Pur riconoscendo alcuni miglioramenti di questa amministrazione rispetto al passato, resta ancora molto da fare.
Il gruppo Lago della Bilancia, pone in primo piano una serie di temi irrisolti nonostante siano trascorsi 10 anni di amministrazione leghista:
A) AMIANTO: ci sono ancora edifici pubblici e privati che presentano tetti e coperture in amianto. Sono monitorati? Quali sono i rischi della salute per i cittadini? Come si vuole concludere la vicenda dell’ex Facis che vede di fronte un privato titolare della ex ditta, il Comune ed i cittadini che hanno scritto anche al Prefetto? Da quale parte sta l’amministrazione?

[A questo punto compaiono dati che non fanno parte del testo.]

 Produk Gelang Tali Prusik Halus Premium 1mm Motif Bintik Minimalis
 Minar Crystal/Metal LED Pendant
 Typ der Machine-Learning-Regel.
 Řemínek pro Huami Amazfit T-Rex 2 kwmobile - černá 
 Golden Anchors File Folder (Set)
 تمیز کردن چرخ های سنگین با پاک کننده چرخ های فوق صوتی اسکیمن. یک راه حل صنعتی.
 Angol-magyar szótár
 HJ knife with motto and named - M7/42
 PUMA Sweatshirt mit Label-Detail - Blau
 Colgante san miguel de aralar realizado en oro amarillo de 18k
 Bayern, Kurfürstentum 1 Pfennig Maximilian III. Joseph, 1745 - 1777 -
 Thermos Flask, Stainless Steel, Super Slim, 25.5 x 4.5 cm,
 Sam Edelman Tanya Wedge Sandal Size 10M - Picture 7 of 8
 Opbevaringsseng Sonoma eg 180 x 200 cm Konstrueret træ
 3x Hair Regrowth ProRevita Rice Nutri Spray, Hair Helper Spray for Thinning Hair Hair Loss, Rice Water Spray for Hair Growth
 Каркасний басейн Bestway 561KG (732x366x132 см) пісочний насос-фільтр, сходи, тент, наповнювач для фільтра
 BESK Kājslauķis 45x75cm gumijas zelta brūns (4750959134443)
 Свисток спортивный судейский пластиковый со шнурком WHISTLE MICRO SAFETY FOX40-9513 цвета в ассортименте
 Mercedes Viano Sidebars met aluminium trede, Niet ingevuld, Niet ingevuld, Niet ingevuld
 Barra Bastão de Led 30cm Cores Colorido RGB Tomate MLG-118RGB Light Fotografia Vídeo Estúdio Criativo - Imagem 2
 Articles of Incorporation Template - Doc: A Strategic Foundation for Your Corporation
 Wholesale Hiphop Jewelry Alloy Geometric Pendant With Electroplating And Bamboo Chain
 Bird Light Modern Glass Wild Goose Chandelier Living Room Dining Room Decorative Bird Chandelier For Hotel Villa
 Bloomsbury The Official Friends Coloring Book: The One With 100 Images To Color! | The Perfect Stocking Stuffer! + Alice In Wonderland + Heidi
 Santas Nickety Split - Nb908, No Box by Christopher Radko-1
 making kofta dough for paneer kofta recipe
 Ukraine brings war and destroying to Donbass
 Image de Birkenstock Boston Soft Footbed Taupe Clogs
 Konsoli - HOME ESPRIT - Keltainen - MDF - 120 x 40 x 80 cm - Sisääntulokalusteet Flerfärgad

B) BAGNI: una città turistica senza bagni adeguati non si può definire tale… Chiusi a data da destinarsi, dopo aver offerto i bagni chimici nell’emergenza in piazzale Moro sporchi e maleodoranti. E code e assembramenti davanti all’unico bagno della Navigazione!
C) CENTRALINE DELL’ARIA: la “Rivoluzione viaria” contestata da alcuni cittadini (ignorati dall’amministrazione nonostante 200 firme segno di una assenza di dialogo e di democrazia) sembra poter funzionare. Il sindaco ha dichiarato a più riprese che l’aria è più pulita e c’è meno inquinamento, ma quale è l’indicatore? Non può bastare il naso, pur nobile del Sindaco o della Giunta, per dire se l’aria sia più pulita. Ci vorrebbero delle centraline ad Arona sparite da 10 anni e promesse ma mai installate da Legambiente che invece si è preoccupato ultimamente delle alborelle in area Rocchette…E che dire del bus Navetta: 10.000 euro buttati, come il carburante che spreca per girare a vuoto.
G) 5G: alcuni Comuni stanno sperimentando il 5G come Orta. Il Touring Club che ha consegnato la bandiera arancione ad Arona, ha proposto ad Arona analoga sperimentazione. Il Sindaco l’ha respinta: Bene! Ci vogliono però atti ufficiali contro installazioni potenzialmente pericolose per la salute.
S) COME SVERSAMENTO nel Lago e delle Acque: nonostante tanti proclami il Rio San Luigi continua ad essere una fogna a cielo aperto grazie a sversamenti continuativi di abitazioni civili. Lo stesso dicasi per il torrente Vevera ed il Rio Arlasca. E che dire del Lido? Abbandonato e obbiettivo degli scarichi fognari “involontari” di giostrai e camperisti?
L) COME LIDO: doveva essere il fiore all’occhiello. La piscina galleggiante ecc. E’ un vero flop. Area abbandonata. Un vero peccato, ma chi doveva controllare?
O) ORDINE PUBBLICO: il problema principale del Centro storico e per tutta la città. Rifiuti, schiamazzi, vandalismi, alcol. Ed ora la droga, scoperta grazie ai Carabinieri. Tutto questo influisce sull’ambiente e l’immagine della città.
V) VERDE PUBBLICO: C’è una vera attenzione al verde pubblico? Noi abbiamo notato che sul nuovo lungolago c’è più pietra, più dehors, più urbanizzazione.

Che differenza con i veri centri turistici!!!

NOI Lago della Bilancia, saremo presenti costantemente sul territorio per portare alla luce tutte le problematiche che ci sono e ci saranno in futuro.